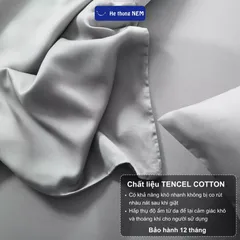 Bộ drap giường 5 món Hệ Thống Nệm cao cấp Set chăn ga ra drap gối nệm đệm vỏ chăn lồng ruột 5 món trải giường mềm mại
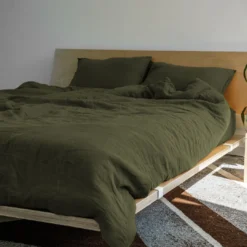 Looma French Linen Duvet Set Home Goods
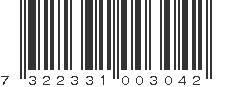 EAN 7322331003042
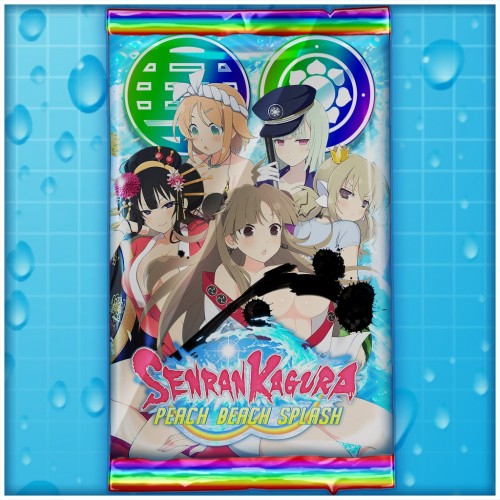 Mikagura Standard Card Pack 2 - Senran Kagura PEACH BEACH SPLASH PS4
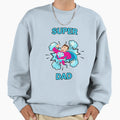 Super Dad T-Shirt - Custom Art Print for Adults - T-Shirt, Sweatshirt, Hoodie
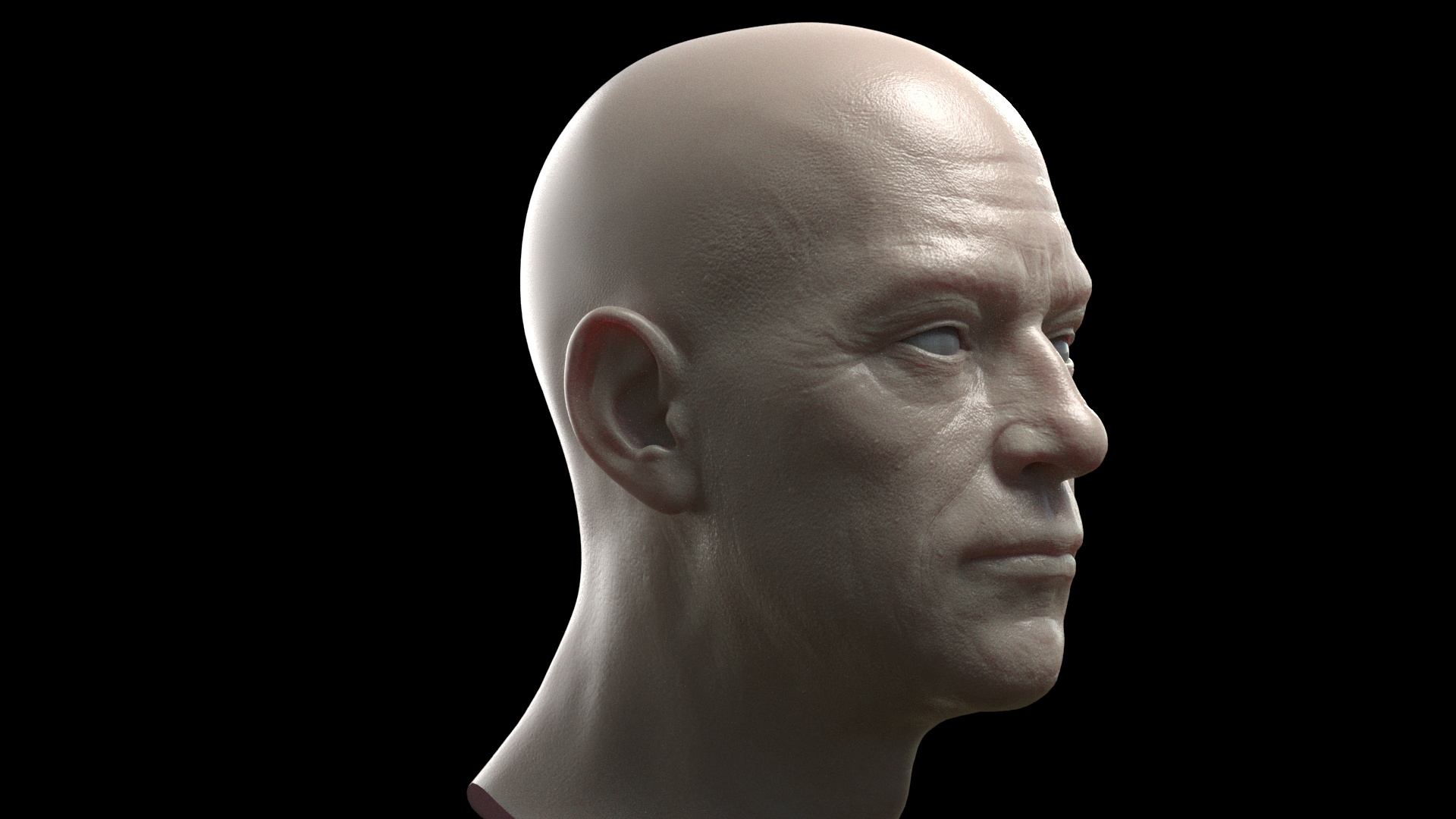 Zbrush head sculpt - fikojungle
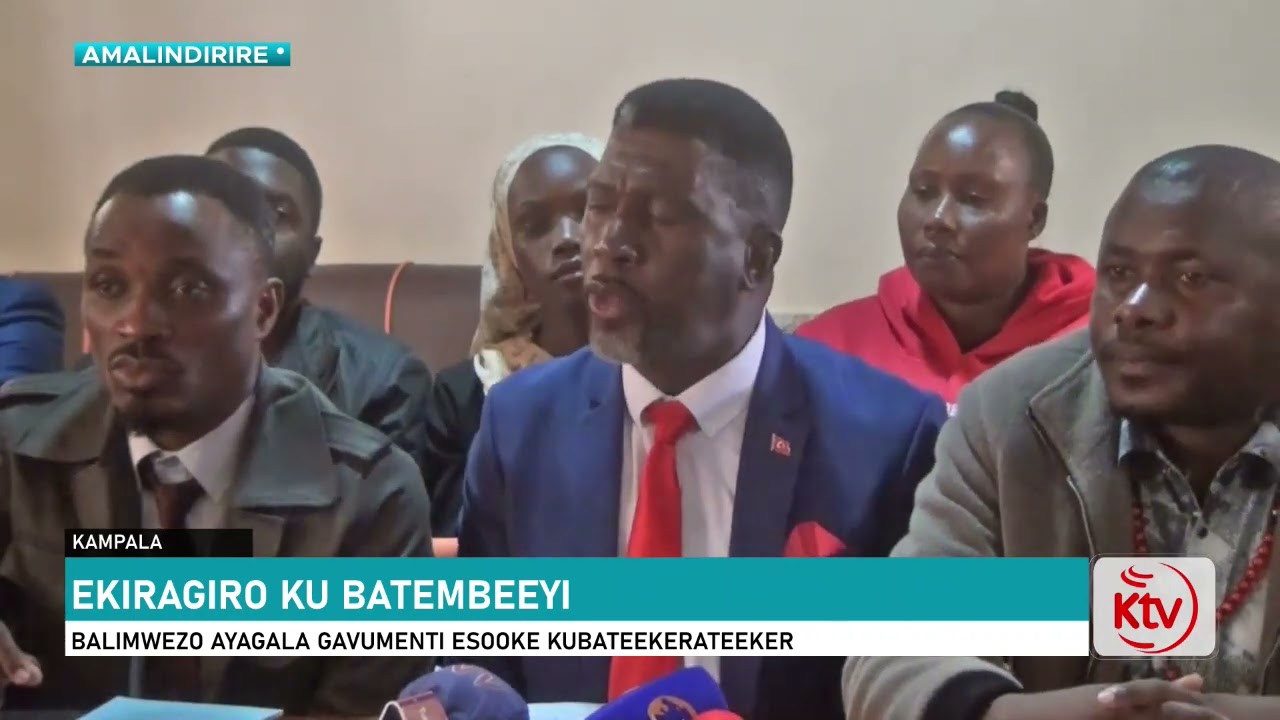 EKIRAGIRO KU BATEMBEEYI | BALIMWEZO AYAGALA GAVUMENTI ESOOKE KUBATEEKERATEEKERA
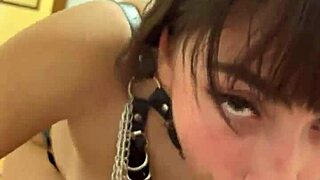 A gay lover gets dominated for rough sex and cumming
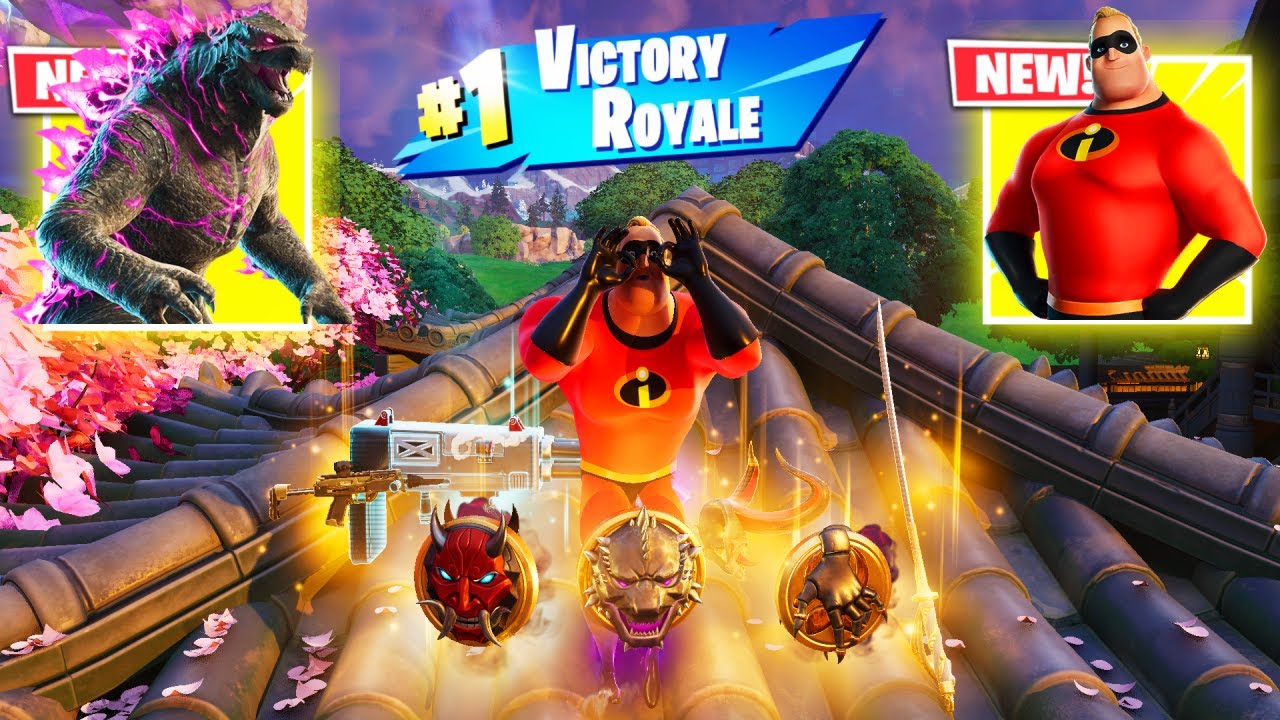 MR. INCREDIBLE vs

## PROBLEM REQUIREMENTS
All of the entries above should be copied exactly, except for the pictures.

## YOUR RESPONSE
 Bộ drap giường 5 món Hệ Thống Nệm cao cấp Set chăn ga ra drap gối nệm đệm vỏ chăn lồng ruột 5 món trải giường mềm mại
 Looma French Linen Duvet Set Home Goods
 EAN 7322331003042
 Mikagura Standard Card Pack 2 - Senran Kagura PEACH BEACH SPLASH PS4
 Super Dad T-Shirt - Custom Art Print for Adults - T-Shirt, Sweatshirt, Hoodie
 Zbrush head sculpt - fikojungle
 EKIRAGIRO KU BATEMBEEYI | BALIMWEZO AYAGALA GAVUMENTI ESOOKE KUBATEEKERATEEKERA
 A gay lover gets dominated for rough sex and cumming
 MR. INCREDIBLE vs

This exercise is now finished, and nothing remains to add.